After the rather straightforward texts about Morag, the monster of Loch Morar, from Alexander Carmichael’s papers which we published in our last blog, here is what seems both from the handwriting and paper to be a later description – and a much more elaborate one at that – about the mysterious creature:
The Morag dwells in Loch Morar. She gives her name to the lake and still appears when any of the old Macdonalds of Morar die. Like the other water deities she is half human half fish. The lower portions of her body is in the form of a grilse and the upper in the form of a small woman of highly developed breasts with long flowing yellow hair falling down her snow white back and breast. She is represented as being fair, beautiful and very timid and never seen save when one of the Morar family dies or when the clan falls in battle. Then she is seen rushing about with great speed and is heard wailing in great distress bemoaning and weeping the loss of the House of Morar laid desolate.

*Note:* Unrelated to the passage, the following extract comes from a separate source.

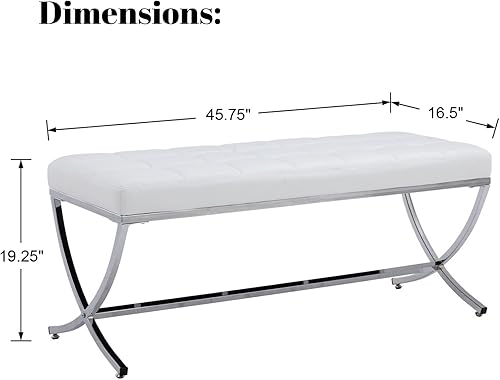 Miniatura 2 de LukeAlon Moderno banco de comedor de piel sintética, banco otomano con botones copetudos con acabado cromado en forma de X, banco tapizado para el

The Morag has often brought out of their houses at night the people living along the shores of the lake and in the neighbourhood of her haunts causing much anxiety to the men and much sore weeping to the women. When the Morag was heard weeping and wailing the most thoughtless became serious and the most obdurate became subdued.
Old [ ] Macdougall, crofter, Mallaig Bheag [said] that the horn of the steamer, the shriek of the train and the crank of the rifle were inimical to the Morag giving no peace no rest no repose to bird or beast or fish day or night driving them all from their habitats to their secret hiding places in the recesses of sea and lake and mountain.
Macdougall described the Morag her form and face her hair and breasts her weeping and waling her rushing to and fro on the water with force and reality that carried conviction! The writer caught himself several times giving furtive glances away from his book to the calm bosom of Loch Morar in the late autumn eve. [CW493 fos.36–7]
Clearly, these aren’t field notes. The text is much more like an article or short speech worked up from earlier reminiscences. And what about Eòghan Dùghallach’s missing first name? Has Carmichael simply forgotten it (so casting doubt on the accuracy of other memories in the piece?), or has he hesitated between choosing Ewan or Hugh for his English translation?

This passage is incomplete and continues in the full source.